Someone once said that a person does not get cancer. A family does.
Living under the shadow of this intangible yet omnipresent force is a heavily emotional experience. Whilst the illness hits the individual, the whole family feels its tremors. The ground, which was once so steady now undulates, gathering you up as one, united in faith and fear, but then leaving you stranded alone, lost in your own muddled thoughts and fear. At the epicentre is, of course, the person you hold dear who carries the unique burden of knowing they are ground zero for both your love and your pain, on top of their own. I don’t know what that must feel like for them, but I know what it looks like. I saw it once in her eyes.
The same week we tenderly but so regretfully committed her to memory, we got the news that he had it too. And just like that there we were back on the cancer train without so much as time to catch our breathes, calm our minds, or allow our hearts to heal. Back on a journey no-one wants to be on, but no ‘leaves on the line’ sadly stop that train from departing.
Nothing weighs as heavy as cancer. Nothing. But yet that train goes forth as if the weight of your pain is negligible.
This time the journey was different. Less urgent, more hopeful. This was no fast train hurtling forth to a destination we never picked, more a winding passage where it seemed we reached the end of the track after an operation was deemed a success. Yet, whilst we gobbled up this news (because cancer literally is a timeline punctuated by news: some you grab with both hands; some, no hand wishes to touch), the sudden ‘end’ to the journey felt equally as de-stabilising as the arrival to a whole new terrain upon which you need to root yourself. Is that it, then? What happens now? Do we alight? Is it finished?

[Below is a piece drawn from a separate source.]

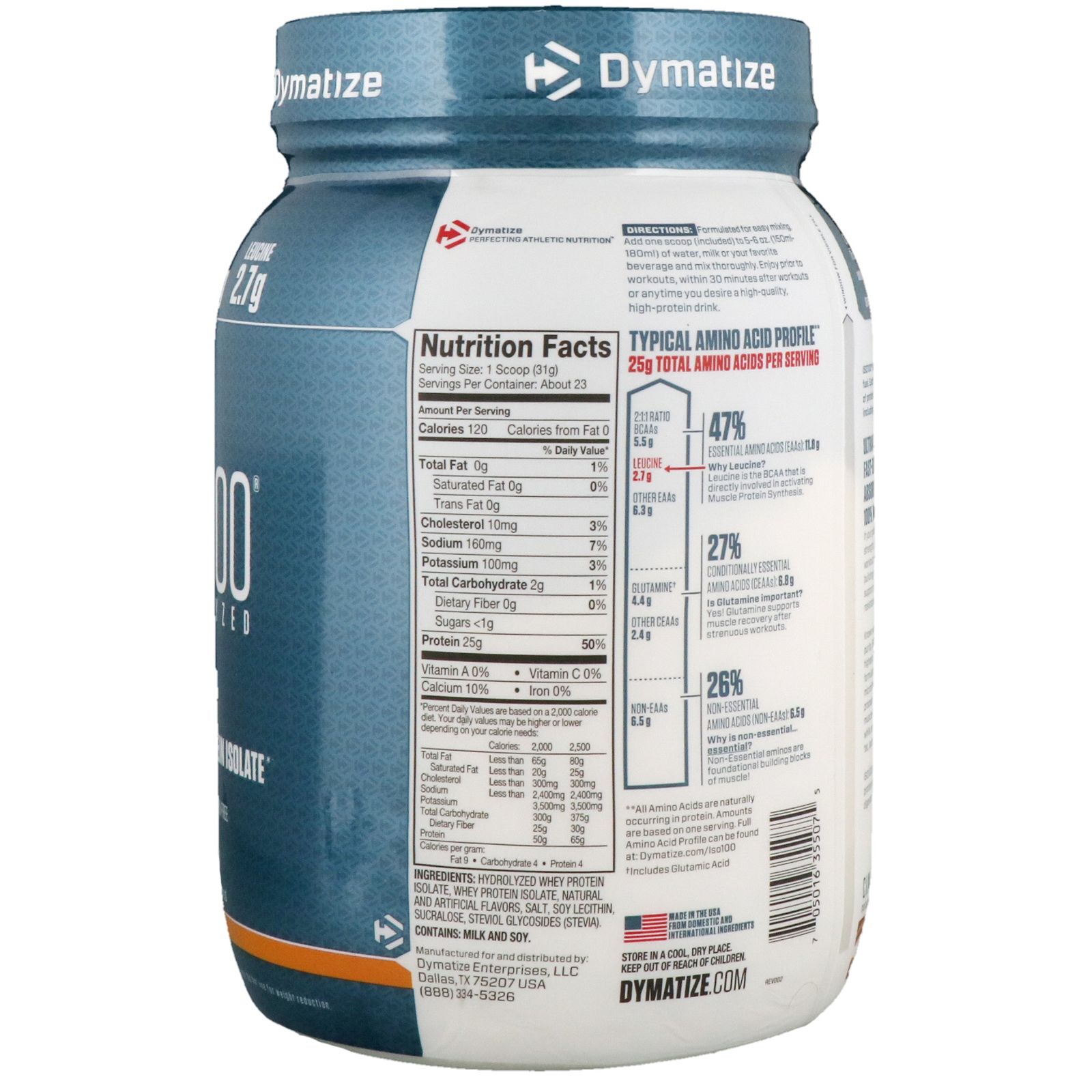 Dymatize Nutrition, ISO 100 Hydrolyzed, 100% Whey Protein Isolate, Cinnamon ...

Yes, but not quite. An oxymoron. The word ‘cured’ was used but normal life now nestles alongside check-ups. And periodic tests with names made from acronyms are still needed because no one ever really signed him off. But neither does anyone seem that worried anymore. It’s confusing and feels like we are ‘good but perhaps not off the hook’. Is that how this is now? The cancer is neither there, but nor is it not there. Detectable traces, they say, but indeterminate at the same time. More oxymorons. None of it really computes but life goes on and every few months they monitor him. Monitoring is very different to treatment and whilst monitoring never fully eradicates the ‘what if’ – nor, of course, does treatment – but it carries a whole heap better odds. So, with those better odds, you indulge in the ability to exhale; just not fully. This new world demands much tentativeness. I guess you can say it’s a bit like happily living in a gorgeous house, with lovely views. On the side of a volcano.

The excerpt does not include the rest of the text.